逸材19歳が秘める「遊び心」 イメージはブラジル名手…ライバルとの対戦に闘志「勝った顔はもう見たくない」

U-20女子W杯決勝トーナメント1回戦で北朝鮮と激突
ヤングなでしこの愛称で知られるU-20女子日本代表は、ポーランドで開催中のU-20女子ワールドカップ(W杯)でグループリーグを突破。現地時間9月17日に行われる決勝トーナメント初戦の北朝鮮戦に向け、MF眞城美春は試合前に元ブラジル代表ロナウジーニョ氏の映像を試合前に見ると笑顔を見せた一方、以前に負けた経験を踏まえ「北朝鮮の勝った顔はもう見たくない」と闘志を燃やしている。
【注目】ワールドカップ優勝は「想いだけではできない」 日本サッカー協会が“仲間”を募集…「JFA PARTNERSHIP PROJECT for DREAM」はこちら
ニュージーランド、アメリカ、イタリアと同組になった日本は、初戦のニュージーランド戦にギリギリの戦いになるも2-1で競り勝った。続くアメリカ戦は2回のビハインドを跳ね返して2-2で引き分け、イタリア戦も先制を許しながら1-1に追いついて1勝2分の勝ち点5で2位通過。16強が出揃った決勝トーナメント初戦の相手は北朝鮮に決まった。

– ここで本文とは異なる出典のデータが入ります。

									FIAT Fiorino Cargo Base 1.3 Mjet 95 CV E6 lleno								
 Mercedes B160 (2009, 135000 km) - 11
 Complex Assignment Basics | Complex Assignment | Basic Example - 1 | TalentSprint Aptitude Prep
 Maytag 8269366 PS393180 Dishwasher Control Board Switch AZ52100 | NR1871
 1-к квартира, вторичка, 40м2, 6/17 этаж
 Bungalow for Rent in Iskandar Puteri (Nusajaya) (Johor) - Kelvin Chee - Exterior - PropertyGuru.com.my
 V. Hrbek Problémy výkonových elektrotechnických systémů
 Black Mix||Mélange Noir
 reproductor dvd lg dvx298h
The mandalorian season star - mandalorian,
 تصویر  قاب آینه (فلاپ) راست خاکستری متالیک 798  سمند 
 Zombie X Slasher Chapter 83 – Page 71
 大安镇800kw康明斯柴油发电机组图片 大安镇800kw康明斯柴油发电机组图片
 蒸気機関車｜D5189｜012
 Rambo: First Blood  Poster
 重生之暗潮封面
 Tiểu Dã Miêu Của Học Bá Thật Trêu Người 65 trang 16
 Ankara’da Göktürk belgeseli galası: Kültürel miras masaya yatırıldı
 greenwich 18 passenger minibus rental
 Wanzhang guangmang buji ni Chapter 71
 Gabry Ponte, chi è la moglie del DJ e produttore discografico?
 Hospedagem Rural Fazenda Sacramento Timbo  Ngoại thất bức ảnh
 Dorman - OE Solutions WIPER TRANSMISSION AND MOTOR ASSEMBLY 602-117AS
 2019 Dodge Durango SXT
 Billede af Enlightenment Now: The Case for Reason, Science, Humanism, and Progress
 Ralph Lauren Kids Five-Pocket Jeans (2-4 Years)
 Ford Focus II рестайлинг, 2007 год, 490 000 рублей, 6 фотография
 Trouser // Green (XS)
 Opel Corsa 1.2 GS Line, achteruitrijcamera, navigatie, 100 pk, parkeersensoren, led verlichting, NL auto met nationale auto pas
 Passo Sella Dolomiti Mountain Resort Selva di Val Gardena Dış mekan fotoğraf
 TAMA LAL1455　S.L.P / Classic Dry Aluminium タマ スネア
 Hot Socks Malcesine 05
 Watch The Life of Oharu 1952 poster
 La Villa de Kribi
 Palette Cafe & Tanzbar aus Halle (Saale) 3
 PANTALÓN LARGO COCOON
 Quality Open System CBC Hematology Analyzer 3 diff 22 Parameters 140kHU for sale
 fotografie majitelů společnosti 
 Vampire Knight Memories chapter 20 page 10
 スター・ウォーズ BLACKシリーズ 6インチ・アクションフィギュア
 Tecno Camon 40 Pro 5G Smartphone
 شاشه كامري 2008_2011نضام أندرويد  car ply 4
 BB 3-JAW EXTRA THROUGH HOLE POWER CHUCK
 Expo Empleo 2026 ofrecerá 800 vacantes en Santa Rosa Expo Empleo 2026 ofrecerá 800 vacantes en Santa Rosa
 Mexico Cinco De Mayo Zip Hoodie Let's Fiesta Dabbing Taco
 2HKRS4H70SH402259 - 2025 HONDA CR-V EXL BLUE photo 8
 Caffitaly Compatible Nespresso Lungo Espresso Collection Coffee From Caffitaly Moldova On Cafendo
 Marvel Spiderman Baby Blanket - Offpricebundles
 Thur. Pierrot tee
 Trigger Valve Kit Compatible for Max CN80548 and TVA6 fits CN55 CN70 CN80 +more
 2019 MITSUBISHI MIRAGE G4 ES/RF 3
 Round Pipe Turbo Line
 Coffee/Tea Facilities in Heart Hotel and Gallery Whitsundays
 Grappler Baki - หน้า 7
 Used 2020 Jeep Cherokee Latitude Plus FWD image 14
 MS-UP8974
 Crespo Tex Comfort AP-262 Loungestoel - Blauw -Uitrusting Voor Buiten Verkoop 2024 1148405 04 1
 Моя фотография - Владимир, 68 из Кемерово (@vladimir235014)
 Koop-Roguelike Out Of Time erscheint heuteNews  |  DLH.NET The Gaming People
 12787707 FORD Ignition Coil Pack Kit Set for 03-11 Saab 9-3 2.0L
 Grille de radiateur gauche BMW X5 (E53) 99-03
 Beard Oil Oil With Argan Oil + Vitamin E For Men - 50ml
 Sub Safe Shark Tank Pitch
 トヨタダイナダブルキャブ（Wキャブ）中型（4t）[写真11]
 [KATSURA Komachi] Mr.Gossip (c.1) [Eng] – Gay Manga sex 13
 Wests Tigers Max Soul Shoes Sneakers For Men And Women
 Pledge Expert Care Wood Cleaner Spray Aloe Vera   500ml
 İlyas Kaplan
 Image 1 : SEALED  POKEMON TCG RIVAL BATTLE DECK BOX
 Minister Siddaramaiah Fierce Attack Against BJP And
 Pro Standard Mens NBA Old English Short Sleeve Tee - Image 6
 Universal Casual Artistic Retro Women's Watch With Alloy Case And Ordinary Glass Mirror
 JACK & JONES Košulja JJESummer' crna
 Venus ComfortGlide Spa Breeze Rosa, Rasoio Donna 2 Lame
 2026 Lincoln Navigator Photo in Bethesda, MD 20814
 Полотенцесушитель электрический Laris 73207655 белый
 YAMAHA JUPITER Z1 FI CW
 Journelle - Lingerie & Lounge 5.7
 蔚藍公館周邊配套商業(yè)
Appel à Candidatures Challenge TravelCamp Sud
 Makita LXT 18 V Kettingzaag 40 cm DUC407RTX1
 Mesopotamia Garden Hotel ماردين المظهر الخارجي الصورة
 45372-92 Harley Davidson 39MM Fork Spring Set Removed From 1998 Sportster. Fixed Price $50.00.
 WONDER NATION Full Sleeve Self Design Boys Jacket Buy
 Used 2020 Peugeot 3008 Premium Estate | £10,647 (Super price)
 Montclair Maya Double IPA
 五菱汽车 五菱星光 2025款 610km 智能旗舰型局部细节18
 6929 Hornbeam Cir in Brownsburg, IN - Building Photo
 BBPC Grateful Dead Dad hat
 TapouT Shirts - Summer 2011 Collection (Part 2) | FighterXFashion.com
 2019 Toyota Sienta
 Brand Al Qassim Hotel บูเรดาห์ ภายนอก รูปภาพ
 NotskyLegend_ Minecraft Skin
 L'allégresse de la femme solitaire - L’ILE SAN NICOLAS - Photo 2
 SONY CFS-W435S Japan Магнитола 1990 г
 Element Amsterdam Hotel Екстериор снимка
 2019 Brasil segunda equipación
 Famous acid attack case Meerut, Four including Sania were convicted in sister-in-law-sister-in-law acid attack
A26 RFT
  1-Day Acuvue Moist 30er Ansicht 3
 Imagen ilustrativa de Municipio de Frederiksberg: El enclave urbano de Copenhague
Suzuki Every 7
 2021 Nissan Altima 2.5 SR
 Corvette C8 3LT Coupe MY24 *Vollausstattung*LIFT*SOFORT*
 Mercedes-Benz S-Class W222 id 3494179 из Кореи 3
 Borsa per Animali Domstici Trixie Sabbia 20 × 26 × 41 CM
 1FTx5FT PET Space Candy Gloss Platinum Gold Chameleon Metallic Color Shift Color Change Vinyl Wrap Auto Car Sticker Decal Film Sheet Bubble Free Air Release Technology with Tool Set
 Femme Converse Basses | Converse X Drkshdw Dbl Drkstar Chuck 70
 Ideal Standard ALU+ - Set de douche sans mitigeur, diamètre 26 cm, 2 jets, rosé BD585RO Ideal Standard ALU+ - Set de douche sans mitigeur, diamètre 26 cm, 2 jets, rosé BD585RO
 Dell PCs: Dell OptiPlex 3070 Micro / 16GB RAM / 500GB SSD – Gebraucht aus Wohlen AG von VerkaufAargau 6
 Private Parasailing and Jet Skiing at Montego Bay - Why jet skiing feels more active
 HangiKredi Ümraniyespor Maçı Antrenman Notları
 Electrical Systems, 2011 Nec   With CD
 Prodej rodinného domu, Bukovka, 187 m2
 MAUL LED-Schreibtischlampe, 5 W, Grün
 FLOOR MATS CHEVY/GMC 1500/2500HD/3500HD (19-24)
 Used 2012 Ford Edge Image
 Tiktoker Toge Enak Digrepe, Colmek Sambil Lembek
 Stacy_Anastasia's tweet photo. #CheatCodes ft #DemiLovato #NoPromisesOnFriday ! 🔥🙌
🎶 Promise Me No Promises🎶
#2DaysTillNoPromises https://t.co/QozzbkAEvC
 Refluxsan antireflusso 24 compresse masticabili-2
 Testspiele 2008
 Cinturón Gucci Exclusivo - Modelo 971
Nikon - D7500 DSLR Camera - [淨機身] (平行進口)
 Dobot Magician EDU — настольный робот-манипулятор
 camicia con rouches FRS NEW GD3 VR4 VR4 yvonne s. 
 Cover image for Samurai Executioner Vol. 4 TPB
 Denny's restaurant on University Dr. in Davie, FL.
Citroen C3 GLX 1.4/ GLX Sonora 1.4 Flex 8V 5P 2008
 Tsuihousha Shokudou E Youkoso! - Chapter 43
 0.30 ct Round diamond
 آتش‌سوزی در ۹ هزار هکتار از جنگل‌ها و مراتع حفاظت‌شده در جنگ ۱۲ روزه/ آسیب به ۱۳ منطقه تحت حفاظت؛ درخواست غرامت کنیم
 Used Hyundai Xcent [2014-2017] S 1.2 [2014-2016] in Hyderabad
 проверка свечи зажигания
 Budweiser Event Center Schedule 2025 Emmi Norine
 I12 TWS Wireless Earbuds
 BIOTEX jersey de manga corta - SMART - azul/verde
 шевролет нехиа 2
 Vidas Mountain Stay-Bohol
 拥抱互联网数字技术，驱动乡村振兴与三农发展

世代エース級と期待される眞城はすでに年齢制限のないフル代表(なでしこジャパン)への招集歴もある19歳。所属の日テレ・東京ヴェルディベレーザでは主力として、WEリーグにもコンスタントに出場。2024-25シーズンはベストヤングプレーヤー賞と優秀選手賞に輝いている。
その眞城は今大会で主に左サイドハーフで起用されている。そして「左サイドでプレーするとなった時には、試合前にロナウジーニョのプレーを見ています。そのイメージを持って試合に臨み、結構いい感じにできているんじゃないかなと思っています」と話した。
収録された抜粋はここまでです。